Make sure these are ready:
- **[Incident.io Setup](../playbooks/setup-incident-io)**: For managing incidents.
- **Grafana & Loki**: For checking logs and errors.
- **Checkly Debugging**: For testing and monitoring.

---

## 🚨 Stay Calm and Take Action

<Warning>
  Don’t panic! Follow these steps to fix the issue.
</Warning>

1. **Tell Your Users**:
   - Let your users know there’s an issue. Post on [Community](https://community.activepieces.com) and Discord.
   - Example message: *“We’re looking into a problem with our services. Thanks for your patience!”*

2. **Find Out What’s Wrong**:
   - Gather details. What’s not working? When did it start?

3. **Update the Status Page**:
   - Use [Incident.io](https://incident.io) to update the status page. Set it to *“Investigating”* or *“Partial Outage”*.

---

## 🔍 Check for Infrastructure Problems

1. **Look at DigitalOcean**:
   - Check if the CPU, memory, or disk usage is too high.
   - If it is:
     - **Increase the machine size** temporarily to fix the issue.
     - Keep looking for the root cause.

---

## 📜 Check Logs and Errors

1. **Use Grafana & Loki**:
   - Search for recent errors in the logs.
   - Look for anything unusual or repeating.

2. **Check Sentry**:
   - Look for grouped errors (errors that happen a lot).
   - Try to **reproduce the error** and fix it if possible.

---

## 🛠️ Debugging with Checkly

1. **Check Checkly Logs**:
   - Watch the **video recordings** of failed checks to see what went wrong.
   - If the issue is a **timeout**, it might mean there’s a bigger performance problem.
   - If it's an E2E test failure due to UI changes, it's likely not urgent.
     - Fix the test and the issue will go away.

---

## 🚨 When Should You Ask for Help?

Ask for help right away if:
- Flows are failing.
- The whole platform is down.
- There's a lot of data loss or corruption.
- You're not sure what is causing the issue.
- You've spent **more than 5 minutes** and still don't know what's wrong.

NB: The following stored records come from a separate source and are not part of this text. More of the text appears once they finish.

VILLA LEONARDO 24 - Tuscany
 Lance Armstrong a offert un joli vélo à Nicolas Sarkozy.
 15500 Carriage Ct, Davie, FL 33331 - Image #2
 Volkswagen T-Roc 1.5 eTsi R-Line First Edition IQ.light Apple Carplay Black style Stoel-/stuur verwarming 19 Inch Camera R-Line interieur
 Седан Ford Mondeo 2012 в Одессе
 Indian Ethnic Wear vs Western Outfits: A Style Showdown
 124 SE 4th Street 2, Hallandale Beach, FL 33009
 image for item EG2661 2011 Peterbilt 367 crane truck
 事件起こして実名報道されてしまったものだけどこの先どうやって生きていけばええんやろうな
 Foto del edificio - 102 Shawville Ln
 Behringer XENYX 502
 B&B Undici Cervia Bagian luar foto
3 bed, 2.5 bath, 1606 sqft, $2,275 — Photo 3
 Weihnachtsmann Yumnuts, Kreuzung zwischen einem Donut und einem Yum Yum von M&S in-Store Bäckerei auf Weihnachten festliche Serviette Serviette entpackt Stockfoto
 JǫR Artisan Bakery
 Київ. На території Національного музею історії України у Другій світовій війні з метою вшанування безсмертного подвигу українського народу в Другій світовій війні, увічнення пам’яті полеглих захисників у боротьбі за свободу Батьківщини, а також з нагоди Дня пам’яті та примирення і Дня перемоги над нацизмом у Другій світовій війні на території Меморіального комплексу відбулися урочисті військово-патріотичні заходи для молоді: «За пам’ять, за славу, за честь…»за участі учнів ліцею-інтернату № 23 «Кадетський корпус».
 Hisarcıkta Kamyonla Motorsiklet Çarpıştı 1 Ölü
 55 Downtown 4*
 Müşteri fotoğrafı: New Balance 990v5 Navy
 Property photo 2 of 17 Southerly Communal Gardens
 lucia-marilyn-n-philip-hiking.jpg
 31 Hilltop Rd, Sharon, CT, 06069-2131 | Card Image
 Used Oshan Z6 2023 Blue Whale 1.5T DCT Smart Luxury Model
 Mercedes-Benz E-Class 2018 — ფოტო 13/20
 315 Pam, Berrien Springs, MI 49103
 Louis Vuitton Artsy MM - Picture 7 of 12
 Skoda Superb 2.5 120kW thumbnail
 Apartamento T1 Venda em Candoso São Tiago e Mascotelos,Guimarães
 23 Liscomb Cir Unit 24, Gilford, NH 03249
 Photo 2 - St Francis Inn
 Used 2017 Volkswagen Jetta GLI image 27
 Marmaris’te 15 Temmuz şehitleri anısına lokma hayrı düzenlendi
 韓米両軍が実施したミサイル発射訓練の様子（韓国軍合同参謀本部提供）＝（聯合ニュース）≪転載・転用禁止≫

💡 **How to Ask for Help**:
- Use **Incident.io** to create a **critical alert**.
- Go to the **Slack incident channel** and escalate the issue to the engineering team.

<Warning>
  If you’re unsure, **ask for help!** It’s better to be safe than sorry.
</Warning>

---

## 💡 Helpful Tips

1. **Stay Organized**:
   - Keep a list of steps to follow during downtime.
   - Write down everything you do so you can refer to it later.

2. **Communicate Clearly**:
   - Keep your team and users updated.
   - Use simple language in your updates.

3. **Take Care of Yourself**:
   - If you feel stressed, take a short break. Grab a coffee ☕, take a deep breath, and tackle the problem step by step.